DETEKTIFNEWS.com: Beduar Sitinjak
SURABAYA-Sampai 3,5 bulan lamanya, akhirnya rentut turun untuk perkara PT Terminal Petikemas Surabaya (TPS) yang diduga terjerat Tindak Pidana Pencucian Uang (TPPU), oleh Jaksa Penuntut Umum (JPU) dari Kejaksaan Agung (Kejagung) Olivia BR Sembiring, melalui JPU Kejaksaan Negeri (Kejari) Tanjung Perak Surabaya.
JPU menilai, terdakwa PT. TPS melanggar Pasal 2 ayat (1) jo Pasal 5 ayat (1) jo Pasal 6 UU No 8 Tahun 2010 tentang Pencegahan dan Pemberantasan Tindak Pidana Pencucian Uang Jo Pasal 55 ayat (1) ke-1 Jo Pasal 64 ayat (1) KUHP.
“Menuntut terdakwa Perusahaan TPS dengan denda Rp 14 miliar, terdiri Rp 10,6 miliar dan Rp 3,9 miliar yang menjadi barang bukti dirampas untuk negara,” kata Yusuf di Ruang Cakra Pengadilan Negeri (PN) Surabaya, Rabu (30/7/2019).
Dalam dakwaan, PT TPS anak perusahaan PT Pelindo III berdiri sejak tahun 1999. Hingga sampai tahun 2014, Direktur Utama dijabat oleh Rahmat Satria. Selanjutnya bulan Juli 2014, susunan direksi diubah menjadi Dothy selaku Direktur Utama, William Wassaf Khoury selaku Wakil Direktur Utama, Asma El Moufti selaku Direktur Operasional, Nur Syamsiah selaku Direktur Keuangan dan Kartiko Adi selaku Direktur Teknik.
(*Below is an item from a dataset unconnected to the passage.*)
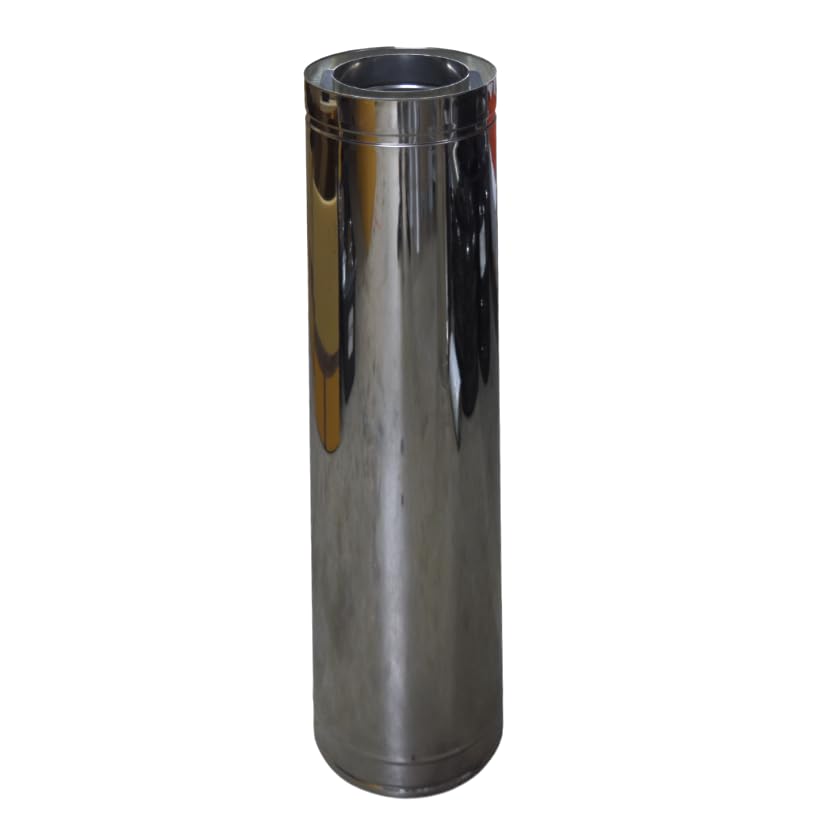 Tubo de chimenea de doble pared de 230 mm x 300 mm/1000 mm, sistema de aislamiento de acero inoxidable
Saat Rahmat Satria menjabat Dirut TPS dan punya kekuasaan, David Hutapea meminta pekerjaan atau proyek di PT TPS. Rahmat Satria kemudian menyarankan agar David Hutapea segera membuat perusahaan. Kemudian David Hutapea mendirikan perusahaan bernama PT Akara Multi Karya (PT AMK) sebagai komisaris dengan Direktur Utama Augusto Hutapea.
Setelah itu, David Hutapea diperkenalkan dengan Firdiat Firman alias Yayak Firman tak lain saudara Noni. Tujuannya, agar Firdiat bisa meyakinkan Direktur Utama Pelindo III, Djarwo Surjanto memberikan kesempatan kepada PT AMK melakukan operasionalisasi di wilayah PT TPS. Dengan bagi hasil Firdiat Firman 25%, Rahmat Satria 25%, Djarwo Surjanto 25% dan PT AMK 25%.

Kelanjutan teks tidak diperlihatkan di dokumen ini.